First, the language: the author has done a very good job of getting that right. It reads pretty much like a 19th century book, to my eyes at least. The story is very similar to the original, with some changes. For example, Lina, the Cathy character, has no older brother and Damek, the Heathcliff of this novel, is related to the king and is imposed on the family. That makes a big difference to the storyline.
The technology is about the same, but the social structure is somewhat different. The north has its own royal family, which raises money by means of the Vendetta. Only those related to the ruler are exempt. If someone kills a person related to you, you must kill them and, in turn, be killed by someone in that family and, before you go off to commit your murder, you have to drop off some cash at the palace. Entire villages are wiped out because it’s compulsory. If the royal coffers are low and nobody has a vendetta going, the king ensures one is started. Oh, and the victim not having a family doesn’t prevent vendetta; in this case, the last family who hosted them must avenge the death.

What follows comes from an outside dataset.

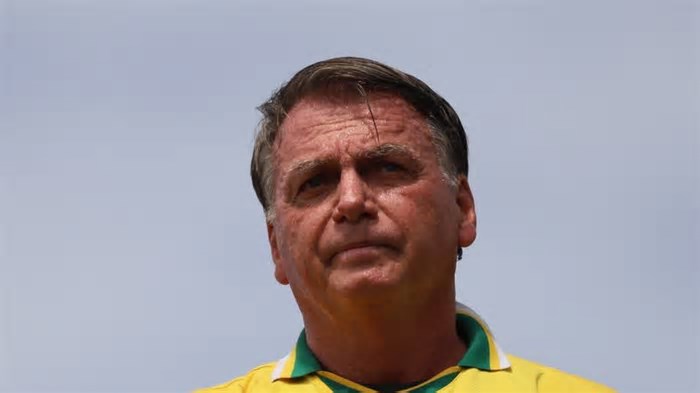 Bolsonaro volta a Copacabana, tenta focar anistia e deixa protestos contra Lula em 2º plano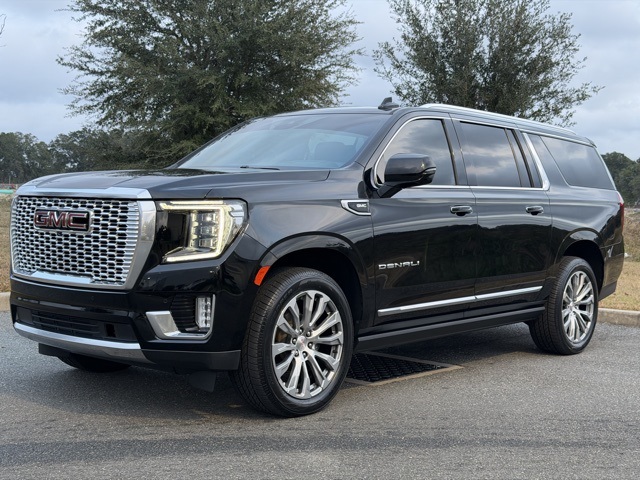 2023 GMC Yukon XL Denali's photo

Then there are the wizards, who don’t seem to do a lot apart from terrorizing villagers and issuing orders. On the other hand, if a girl is born with the violet eyes of a witch, she is killed. Presumably the wizards don’t want competition. Lina is a born witch, but the family move south for some years and then are allowed to move back without her destruction.
Interesting as all this is, I’m not sure that the Vendetta, at least, adds anything to the novel. If the author wanted to have a disaster in the village, a plague would surely have done the trick.
Despite all this, I’m sure Black Spring will have a lot of fans. It may do well for fantasy fans who aren’t ready to try the original. Those readers who, like me, have read the Bronte book, will have the fun of following the storyline and seeing how connected it is to the original. And I have to say that Lina is a somewhat more sympathetic character than Cathy: I have long thought that Cathy and Heathcliff are among fiction’s more obnoxious lovers, who thoroughly deserve each other.
But as a YA novel, it really needs very good readers, the kind who could handle the original, and if they can handle Wuthering Heights, why not give them the original?
Still, it’s well worth a read and hopefully, anyone who discovers and enjoys Black Spring first will check out Wuthering Heights, and that can be no bad thing. ◊
Sue Bursztynski lives in Australia, where she works as a teacher-librarian. She has written several books for children and young adults, including Crime Time: Australians Behaving Badly and, most recently, the YA novel Wolfborn. Her blog, The Great Raven, can be found at http://suebursztynski.blogspot.com.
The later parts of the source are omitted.